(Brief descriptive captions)

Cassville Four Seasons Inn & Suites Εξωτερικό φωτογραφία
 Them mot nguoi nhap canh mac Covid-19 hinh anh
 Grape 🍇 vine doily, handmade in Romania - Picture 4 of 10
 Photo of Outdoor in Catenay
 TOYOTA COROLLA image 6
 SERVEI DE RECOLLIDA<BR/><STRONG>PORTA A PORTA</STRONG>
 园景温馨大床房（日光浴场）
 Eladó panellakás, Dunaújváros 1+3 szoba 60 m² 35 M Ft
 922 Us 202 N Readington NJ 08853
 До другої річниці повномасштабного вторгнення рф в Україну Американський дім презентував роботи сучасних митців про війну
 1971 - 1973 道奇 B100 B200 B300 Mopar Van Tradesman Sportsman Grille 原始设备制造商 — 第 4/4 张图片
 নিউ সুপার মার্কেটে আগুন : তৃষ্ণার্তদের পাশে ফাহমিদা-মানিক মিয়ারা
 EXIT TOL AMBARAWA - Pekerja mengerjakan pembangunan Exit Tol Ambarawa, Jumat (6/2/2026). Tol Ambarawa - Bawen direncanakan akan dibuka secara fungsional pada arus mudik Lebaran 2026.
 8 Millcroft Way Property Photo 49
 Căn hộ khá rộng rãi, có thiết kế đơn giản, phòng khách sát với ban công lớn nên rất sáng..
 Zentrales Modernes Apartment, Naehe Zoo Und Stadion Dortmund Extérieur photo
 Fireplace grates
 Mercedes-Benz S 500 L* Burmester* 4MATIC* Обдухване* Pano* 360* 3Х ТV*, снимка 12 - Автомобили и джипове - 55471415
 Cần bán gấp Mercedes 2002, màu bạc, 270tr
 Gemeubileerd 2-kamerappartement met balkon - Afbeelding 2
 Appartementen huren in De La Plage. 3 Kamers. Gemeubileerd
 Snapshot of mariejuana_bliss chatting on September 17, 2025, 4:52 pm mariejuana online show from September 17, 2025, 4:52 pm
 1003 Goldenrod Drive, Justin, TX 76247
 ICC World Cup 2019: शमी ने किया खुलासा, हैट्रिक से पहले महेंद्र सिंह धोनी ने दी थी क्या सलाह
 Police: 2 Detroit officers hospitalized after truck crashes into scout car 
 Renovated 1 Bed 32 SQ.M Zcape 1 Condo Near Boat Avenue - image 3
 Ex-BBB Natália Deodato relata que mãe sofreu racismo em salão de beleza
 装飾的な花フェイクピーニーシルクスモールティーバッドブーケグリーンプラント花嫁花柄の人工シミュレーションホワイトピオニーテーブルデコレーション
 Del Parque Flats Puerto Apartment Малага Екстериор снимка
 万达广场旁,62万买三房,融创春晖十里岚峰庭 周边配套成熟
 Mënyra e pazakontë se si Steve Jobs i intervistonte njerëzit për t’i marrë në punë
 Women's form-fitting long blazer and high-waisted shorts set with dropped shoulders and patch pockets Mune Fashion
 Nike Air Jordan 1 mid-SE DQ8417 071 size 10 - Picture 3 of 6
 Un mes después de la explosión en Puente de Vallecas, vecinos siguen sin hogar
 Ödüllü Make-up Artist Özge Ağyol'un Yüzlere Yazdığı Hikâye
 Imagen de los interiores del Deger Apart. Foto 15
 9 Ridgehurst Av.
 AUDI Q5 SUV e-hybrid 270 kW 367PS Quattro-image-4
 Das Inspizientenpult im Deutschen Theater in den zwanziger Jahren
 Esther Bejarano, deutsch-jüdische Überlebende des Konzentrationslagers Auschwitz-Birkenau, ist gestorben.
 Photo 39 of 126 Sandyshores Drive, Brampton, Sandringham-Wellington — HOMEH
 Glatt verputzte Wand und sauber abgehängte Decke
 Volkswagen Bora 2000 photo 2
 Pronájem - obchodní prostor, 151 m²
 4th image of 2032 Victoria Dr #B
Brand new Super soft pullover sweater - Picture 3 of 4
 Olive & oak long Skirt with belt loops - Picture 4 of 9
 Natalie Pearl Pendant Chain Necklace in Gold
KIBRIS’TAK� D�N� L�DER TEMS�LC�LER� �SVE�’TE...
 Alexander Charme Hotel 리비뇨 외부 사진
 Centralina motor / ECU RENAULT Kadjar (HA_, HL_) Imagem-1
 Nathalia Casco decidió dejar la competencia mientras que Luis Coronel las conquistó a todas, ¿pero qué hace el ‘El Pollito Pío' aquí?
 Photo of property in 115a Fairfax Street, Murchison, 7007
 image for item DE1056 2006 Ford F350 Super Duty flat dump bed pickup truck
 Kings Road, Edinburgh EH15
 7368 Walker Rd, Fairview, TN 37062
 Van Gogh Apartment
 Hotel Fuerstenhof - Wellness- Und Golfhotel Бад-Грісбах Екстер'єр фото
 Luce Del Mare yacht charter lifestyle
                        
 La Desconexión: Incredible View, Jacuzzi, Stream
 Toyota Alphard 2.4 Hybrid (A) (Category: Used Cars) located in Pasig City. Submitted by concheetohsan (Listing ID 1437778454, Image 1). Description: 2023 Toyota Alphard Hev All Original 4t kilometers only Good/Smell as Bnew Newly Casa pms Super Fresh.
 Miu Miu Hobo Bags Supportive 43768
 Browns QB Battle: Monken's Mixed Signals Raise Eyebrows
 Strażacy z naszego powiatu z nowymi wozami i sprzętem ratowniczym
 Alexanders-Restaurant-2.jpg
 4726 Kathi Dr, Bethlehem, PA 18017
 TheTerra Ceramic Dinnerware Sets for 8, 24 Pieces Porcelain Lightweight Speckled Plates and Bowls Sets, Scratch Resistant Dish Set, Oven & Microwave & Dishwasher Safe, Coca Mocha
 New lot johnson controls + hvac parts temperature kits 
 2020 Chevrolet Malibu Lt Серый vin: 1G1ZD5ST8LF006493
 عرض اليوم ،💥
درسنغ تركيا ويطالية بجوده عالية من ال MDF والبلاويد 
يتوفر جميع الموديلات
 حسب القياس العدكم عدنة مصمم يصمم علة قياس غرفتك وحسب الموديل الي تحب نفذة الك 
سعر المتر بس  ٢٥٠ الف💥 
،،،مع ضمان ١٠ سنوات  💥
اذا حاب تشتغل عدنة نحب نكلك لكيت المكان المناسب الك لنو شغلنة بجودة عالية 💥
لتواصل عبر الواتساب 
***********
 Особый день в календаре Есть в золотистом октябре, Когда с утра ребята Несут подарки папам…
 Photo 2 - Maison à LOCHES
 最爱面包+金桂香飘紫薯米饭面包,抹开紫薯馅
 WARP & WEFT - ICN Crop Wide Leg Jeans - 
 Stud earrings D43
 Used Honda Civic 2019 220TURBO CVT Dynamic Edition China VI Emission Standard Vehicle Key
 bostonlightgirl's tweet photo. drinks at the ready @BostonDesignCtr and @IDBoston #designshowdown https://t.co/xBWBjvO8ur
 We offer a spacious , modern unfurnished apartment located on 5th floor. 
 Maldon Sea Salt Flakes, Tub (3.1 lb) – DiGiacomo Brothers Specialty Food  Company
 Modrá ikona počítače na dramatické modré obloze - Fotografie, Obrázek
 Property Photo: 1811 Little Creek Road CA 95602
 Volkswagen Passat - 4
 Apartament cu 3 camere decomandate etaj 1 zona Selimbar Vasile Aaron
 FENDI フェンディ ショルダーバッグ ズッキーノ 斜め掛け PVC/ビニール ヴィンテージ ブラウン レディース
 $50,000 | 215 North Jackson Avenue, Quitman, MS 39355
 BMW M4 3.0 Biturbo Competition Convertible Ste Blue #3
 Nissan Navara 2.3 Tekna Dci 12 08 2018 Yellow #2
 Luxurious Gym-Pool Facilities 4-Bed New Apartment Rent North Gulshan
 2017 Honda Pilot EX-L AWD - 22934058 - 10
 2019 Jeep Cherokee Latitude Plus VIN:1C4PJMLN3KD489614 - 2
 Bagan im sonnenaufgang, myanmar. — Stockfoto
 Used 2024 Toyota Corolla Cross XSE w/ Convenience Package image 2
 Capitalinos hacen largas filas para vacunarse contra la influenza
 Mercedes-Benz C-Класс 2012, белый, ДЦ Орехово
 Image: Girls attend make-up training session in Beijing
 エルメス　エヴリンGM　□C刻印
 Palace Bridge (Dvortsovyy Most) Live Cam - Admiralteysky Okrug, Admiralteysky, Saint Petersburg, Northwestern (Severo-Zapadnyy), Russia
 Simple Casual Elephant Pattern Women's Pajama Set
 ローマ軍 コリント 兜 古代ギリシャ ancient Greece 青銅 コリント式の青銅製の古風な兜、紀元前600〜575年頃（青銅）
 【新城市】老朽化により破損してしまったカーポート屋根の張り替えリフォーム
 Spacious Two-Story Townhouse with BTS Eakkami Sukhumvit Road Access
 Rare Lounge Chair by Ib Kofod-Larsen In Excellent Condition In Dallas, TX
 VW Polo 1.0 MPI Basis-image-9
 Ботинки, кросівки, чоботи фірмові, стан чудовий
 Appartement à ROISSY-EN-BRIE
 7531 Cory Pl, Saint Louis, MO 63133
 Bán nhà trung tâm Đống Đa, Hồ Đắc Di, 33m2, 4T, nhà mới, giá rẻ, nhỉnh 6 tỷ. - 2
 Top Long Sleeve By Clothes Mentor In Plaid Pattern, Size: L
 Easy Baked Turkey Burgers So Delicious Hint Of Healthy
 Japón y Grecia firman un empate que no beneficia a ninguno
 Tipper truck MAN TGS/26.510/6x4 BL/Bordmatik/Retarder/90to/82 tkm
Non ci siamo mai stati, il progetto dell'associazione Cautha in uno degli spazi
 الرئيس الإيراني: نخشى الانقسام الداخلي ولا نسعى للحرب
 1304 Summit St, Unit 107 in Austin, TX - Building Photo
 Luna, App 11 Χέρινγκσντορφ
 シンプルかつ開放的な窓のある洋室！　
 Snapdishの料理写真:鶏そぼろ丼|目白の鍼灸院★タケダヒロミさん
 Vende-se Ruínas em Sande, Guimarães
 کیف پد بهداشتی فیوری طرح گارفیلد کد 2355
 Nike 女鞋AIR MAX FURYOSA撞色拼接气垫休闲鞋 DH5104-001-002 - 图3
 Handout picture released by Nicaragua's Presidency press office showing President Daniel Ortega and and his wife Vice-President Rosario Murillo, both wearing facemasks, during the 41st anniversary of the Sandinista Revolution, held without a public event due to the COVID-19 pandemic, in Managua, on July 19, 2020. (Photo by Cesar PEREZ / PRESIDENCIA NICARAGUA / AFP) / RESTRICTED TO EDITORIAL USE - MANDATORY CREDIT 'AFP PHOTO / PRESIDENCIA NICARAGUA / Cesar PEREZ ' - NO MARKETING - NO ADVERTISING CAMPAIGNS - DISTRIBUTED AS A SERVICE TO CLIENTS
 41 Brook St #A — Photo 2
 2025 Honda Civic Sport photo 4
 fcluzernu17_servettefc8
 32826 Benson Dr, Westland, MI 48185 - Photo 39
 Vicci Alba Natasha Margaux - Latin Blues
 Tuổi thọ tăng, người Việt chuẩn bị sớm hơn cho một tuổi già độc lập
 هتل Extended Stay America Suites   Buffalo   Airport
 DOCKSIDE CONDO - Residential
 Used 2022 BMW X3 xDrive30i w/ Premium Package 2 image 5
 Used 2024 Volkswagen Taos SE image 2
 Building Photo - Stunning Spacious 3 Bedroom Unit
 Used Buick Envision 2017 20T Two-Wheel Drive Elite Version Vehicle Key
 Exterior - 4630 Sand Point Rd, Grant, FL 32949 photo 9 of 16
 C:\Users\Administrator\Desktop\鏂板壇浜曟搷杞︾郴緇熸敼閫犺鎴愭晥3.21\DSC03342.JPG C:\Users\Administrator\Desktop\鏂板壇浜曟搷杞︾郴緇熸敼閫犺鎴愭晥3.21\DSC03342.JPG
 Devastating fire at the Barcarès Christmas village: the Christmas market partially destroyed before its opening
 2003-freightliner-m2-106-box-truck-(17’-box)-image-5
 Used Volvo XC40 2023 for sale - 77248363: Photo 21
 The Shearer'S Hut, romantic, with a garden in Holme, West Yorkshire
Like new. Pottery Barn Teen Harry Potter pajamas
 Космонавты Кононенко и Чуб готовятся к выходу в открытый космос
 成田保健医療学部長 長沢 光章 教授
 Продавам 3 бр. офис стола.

▶ _ASSIGNMENT_:
Look above for the line holding "AUDI Q5 SUV" and the line holding "Brand new Super soft pullover sweater - Picture", then output exactly those two lines and every line between them, nothing more.

▶ _RESPONSE AREA_:
 AUDI Q5 SUV e-hybrid 270 kW 367PS Quattro-image-4
 Das Inspizientenpult im Deutschen Theater in den zwanziger Jahren
 Esther Bejarano, deutsch-jüdische Überlebende des Konzentrationslagers Auschwitz-Birkenau, ist gestorben.
 Photo 39 of 126 Sandyshores Drive, Brampton, Sandringham-Wellington — HOMEH
 Glatt verputzte Wand und sauber abgehängte Decke
 Volkswagen Bora 2000 photo 2
 Pronájem - obchodní prostor, 151 m²
 4th image of 2032 Victoria Dr #B
Brand new Super soft pullover sweater - Picture 3 of 4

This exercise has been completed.